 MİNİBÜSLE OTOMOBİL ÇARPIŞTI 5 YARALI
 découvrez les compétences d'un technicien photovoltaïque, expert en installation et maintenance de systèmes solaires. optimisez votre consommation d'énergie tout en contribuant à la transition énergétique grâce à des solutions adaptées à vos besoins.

---

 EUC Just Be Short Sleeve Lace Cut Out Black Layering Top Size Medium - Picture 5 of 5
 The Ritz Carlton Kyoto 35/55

Your goal: Set down precisely the lines above between the line holding "MİNİBÜSLE OTOMOBİL ÇARPIŞTI 5 YARALI" and the line holding "découvrez les compétences", inclusive, and nothing beyond them.

Final answer:
 MİNİBÜSLE OTOMOBİL ÇARPIŞTI 5 YARALI
 découvrez les compétences d'un technicien photovoltaïque, expert en installation et maintenance de systèmes solaires. optimisez votre consommation d'énergie tout en contribuant à la transition énergétique grâce à des solutions adaptées à vos besoins.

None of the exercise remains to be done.